Hi, @fxmarty It is not a bug in Optimum. As mentioned by you it is a bug in the pipeline classes. In fact for the pipelines the def preprocess needs to be changed in a way to incorporate this option (for DeBERTa only, I believe, so the call will look like this inputs = self.tokenizer(sentence, ..., return_token_type_ids=False)). I see that (for an example for TokenClassification task) I can't send any extra params while creating pipeline as the _sanitize_parameters then raises an exception. So, what do you suggest should be the best option to handle this?
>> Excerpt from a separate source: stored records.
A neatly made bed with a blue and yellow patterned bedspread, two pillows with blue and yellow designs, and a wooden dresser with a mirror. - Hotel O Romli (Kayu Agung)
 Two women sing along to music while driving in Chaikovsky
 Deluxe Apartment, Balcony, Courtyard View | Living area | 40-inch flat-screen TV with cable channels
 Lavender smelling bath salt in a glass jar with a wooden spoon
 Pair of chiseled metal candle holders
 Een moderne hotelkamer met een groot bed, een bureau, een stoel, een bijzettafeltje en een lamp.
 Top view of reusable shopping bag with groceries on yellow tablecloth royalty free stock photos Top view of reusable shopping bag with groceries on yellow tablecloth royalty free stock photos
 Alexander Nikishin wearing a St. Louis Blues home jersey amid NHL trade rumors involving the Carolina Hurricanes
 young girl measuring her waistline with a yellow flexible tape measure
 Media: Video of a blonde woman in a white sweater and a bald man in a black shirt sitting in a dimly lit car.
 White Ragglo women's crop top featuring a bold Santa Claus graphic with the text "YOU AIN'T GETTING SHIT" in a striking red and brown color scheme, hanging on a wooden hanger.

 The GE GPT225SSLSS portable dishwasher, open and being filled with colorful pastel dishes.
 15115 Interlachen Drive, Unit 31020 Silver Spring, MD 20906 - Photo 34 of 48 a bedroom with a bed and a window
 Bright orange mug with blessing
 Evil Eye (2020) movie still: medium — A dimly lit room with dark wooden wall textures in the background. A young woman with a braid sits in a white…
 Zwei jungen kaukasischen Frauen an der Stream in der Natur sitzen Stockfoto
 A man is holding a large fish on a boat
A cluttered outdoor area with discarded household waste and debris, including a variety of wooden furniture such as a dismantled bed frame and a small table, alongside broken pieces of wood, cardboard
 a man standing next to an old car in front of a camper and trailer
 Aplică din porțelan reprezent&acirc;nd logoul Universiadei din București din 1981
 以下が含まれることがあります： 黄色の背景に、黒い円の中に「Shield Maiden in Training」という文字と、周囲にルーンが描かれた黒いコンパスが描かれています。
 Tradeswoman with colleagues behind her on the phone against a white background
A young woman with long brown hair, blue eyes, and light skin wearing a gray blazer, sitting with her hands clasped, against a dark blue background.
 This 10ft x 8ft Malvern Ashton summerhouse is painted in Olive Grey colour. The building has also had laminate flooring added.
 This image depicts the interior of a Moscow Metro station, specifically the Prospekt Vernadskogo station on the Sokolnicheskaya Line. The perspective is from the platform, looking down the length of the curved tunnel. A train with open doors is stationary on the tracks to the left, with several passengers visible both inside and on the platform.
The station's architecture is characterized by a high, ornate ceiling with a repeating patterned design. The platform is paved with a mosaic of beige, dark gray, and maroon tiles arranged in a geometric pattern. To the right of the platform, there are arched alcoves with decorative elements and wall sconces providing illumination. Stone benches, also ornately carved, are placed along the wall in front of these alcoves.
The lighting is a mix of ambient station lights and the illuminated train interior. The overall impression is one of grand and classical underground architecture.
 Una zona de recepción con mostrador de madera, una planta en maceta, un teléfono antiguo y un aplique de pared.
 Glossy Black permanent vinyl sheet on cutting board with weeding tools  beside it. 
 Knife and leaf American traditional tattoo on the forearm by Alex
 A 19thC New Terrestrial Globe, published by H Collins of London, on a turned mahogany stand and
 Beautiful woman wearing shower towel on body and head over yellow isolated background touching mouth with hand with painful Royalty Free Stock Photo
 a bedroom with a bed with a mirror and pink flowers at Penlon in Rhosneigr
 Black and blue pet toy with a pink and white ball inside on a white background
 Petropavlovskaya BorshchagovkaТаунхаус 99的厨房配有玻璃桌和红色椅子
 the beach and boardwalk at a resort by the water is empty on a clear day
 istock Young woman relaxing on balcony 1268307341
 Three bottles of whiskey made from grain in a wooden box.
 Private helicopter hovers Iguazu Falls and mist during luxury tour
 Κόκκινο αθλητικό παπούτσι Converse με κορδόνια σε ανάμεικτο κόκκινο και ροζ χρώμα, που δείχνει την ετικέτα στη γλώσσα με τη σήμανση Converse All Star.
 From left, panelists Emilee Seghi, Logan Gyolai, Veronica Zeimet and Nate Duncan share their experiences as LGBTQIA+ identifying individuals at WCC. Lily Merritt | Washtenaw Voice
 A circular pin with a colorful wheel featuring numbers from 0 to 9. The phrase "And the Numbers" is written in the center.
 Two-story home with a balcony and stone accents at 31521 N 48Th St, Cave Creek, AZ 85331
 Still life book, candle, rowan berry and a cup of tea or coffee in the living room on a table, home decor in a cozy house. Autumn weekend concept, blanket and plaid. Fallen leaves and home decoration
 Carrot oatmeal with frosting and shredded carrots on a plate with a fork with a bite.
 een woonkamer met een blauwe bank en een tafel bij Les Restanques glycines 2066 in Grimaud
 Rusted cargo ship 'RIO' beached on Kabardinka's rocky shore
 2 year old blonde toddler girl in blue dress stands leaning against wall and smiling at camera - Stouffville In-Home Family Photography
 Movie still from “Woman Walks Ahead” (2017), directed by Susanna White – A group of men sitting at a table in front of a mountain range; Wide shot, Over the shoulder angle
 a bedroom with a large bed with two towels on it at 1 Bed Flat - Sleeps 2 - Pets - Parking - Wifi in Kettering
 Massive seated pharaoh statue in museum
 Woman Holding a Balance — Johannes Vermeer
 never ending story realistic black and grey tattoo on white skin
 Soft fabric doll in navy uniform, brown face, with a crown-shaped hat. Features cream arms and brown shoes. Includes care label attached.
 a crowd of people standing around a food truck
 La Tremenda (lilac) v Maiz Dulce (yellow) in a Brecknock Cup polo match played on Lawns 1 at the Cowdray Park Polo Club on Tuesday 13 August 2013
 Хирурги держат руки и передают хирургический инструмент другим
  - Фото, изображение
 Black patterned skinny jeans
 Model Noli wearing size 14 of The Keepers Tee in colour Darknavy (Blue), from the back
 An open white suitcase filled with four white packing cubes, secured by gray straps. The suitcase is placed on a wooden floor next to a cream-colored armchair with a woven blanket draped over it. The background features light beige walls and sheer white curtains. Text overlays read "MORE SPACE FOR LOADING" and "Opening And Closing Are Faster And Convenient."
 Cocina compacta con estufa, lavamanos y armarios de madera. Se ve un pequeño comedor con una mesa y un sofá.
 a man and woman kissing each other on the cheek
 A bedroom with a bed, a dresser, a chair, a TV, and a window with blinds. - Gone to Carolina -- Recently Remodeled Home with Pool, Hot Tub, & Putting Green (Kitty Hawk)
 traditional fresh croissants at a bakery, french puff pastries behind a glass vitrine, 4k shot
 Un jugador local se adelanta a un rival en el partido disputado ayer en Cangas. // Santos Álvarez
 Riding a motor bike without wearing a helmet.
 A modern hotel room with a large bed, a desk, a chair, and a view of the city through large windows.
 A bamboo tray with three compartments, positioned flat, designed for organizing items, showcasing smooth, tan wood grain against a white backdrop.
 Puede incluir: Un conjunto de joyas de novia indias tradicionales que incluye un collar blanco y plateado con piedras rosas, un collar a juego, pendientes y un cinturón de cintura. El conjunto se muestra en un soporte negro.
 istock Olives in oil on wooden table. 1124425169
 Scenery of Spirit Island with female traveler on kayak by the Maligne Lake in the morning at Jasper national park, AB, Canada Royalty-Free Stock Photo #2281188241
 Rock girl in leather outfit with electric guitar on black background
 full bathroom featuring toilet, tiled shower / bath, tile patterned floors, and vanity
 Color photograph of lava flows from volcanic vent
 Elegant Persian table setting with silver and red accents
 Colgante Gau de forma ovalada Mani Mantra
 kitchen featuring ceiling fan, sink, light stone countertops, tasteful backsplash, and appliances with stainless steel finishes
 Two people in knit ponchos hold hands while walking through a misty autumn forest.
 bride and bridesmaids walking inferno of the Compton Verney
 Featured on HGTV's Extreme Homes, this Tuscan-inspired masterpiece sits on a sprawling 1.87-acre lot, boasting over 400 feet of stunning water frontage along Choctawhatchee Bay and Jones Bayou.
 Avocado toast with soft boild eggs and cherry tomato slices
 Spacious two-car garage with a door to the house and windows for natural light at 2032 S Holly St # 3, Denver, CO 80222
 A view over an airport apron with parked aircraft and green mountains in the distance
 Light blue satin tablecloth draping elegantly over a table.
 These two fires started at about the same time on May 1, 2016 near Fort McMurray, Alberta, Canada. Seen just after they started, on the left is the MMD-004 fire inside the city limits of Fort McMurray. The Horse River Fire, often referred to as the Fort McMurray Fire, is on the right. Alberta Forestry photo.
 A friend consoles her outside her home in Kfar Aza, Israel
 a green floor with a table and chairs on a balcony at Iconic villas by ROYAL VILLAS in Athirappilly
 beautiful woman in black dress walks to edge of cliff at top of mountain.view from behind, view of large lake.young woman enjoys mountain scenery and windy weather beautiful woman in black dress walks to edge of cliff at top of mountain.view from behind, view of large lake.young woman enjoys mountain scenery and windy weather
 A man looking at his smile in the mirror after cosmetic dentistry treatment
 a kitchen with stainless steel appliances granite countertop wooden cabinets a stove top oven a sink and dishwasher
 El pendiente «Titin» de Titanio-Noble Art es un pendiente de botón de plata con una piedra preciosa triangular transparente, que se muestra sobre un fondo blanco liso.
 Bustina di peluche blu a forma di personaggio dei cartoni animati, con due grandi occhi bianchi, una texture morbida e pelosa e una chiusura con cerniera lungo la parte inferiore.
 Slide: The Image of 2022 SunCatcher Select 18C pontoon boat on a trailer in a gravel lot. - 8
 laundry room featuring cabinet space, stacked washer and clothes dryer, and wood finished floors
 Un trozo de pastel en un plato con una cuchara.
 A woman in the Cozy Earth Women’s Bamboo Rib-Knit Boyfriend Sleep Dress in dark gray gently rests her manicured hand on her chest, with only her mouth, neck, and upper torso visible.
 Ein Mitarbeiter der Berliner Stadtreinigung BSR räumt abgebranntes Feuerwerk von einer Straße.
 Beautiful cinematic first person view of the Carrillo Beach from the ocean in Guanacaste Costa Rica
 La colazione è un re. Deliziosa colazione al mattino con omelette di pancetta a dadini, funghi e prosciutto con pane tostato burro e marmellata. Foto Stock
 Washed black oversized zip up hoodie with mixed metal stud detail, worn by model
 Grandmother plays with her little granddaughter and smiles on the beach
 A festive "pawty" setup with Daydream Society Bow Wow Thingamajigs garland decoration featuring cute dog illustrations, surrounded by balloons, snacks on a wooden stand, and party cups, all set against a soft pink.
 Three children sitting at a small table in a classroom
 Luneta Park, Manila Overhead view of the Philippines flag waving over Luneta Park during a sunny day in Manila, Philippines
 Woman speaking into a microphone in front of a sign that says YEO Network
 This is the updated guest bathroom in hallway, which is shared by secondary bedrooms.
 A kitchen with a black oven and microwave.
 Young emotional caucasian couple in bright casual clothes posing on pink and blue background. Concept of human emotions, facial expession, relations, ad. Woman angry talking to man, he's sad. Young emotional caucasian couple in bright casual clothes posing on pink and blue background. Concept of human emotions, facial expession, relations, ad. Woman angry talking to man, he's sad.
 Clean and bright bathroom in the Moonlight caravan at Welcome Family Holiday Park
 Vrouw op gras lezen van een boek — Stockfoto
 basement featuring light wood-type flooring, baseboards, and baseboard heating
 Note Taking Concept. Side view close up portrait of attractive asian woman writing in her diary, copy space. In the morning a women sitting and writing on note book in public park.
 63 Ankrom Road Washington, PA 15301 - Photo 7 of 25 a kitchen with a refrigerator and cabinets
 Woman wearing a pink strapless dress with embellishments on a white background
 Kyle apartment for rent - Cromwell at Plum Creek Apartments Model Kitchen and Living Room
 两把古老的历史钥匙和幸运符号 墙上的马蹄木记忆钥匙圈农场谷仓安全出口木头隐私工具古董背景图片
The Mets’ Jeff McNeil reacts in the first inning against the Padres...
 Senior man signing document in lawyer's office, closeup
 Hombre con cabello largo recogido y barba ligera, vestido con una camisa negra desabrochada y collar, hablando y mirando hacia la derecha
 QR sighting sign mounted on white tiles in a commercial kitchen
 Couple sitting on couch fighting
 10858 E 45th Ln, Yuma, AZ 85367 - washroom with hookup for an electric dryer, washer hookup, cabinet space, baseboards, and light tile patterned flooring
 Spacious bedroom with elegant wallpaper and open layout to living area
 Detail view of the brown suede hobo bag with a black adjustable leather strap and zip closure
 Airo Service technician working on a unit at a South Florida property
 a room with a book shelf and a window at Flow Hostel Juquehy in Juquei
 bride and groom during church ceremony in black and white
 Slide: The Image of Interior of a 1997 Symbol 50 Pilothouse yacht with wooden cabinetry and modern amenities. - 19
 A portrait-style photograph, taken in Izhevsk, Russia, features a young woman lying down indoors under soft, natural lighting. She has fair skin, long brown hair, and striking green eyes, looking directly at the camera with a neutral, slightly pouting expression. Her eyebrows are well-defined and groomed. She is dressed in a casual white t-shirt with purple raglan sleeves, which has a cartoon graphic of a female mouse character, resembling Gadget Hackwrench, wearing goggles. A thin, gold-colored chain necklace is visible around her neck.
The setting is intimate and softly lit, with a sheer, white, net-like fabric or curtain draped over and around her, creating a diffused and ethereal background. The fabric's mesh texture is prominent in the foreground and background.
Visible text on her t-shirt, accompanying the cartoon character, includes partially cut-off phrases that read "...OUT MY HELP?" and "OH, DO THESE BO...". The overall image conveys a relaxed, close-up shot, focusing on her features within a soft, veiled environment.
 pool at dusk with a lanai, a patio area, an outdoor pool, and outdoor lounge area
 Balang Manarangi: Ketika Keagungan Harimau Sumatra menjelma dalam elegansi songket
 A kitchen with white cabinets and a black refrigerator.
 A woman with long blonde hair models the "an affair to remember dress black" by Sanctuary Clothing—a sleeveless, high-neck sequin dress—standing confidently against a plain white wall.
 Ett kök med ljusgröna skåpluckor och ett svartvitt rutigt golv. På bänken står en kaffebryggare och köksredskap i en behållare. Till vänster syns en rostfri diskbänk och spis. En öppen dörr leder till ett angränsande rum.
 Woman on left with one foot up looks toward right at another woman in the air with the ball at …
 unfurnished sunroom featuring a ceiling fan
rcshubhadeep commented 1 year ago

here is a mention of this issue - https://github.com/huggingface/optimum/issues/207#issuecomment-1164636129

rcshubhadeep commented 1 year ago

The (extremely) non-elegant solution that I am using at the moment, looks like the following -

from transformers.pipelines import TokenClassificationPipeline, AggregationStrategy
from typing import Union, List, Optional, Tuple

class MyTokenClassificationPipeline(TokenClassificationPipeline):
    def _sanitize_parameters(
        self,
        ignore_labels=None,
        grouped_entities: Optional[bool] = None,
        ignore_subwords: Optional[bool] = None,
        aggregation_strategy: Optional[AggregationStrategy] = None,
        offset_mapping: Optional[List[Tuple[int, int]]] = None,
        stride: Optional[int] = None,
    ):
        preprocess_params, other, postprocess_params = super()._sanitize_parameters(
                                                                                ignore_labels,
                                                                                grouped_entities,
                                                                                ignore_subwords,
                                                                                aggregation_strategy,
                                                                                offset_mapping,
                                                                                stride
                                                                                )
        preprocess_params['tokenizer_params'] = {'return_token_type_ids': False}
        return preprocess_params, other, postprocess_params

p = MyTokenClassificationPipeline(model=model, framework='pt', task='ner', tokenizer=tokenizer)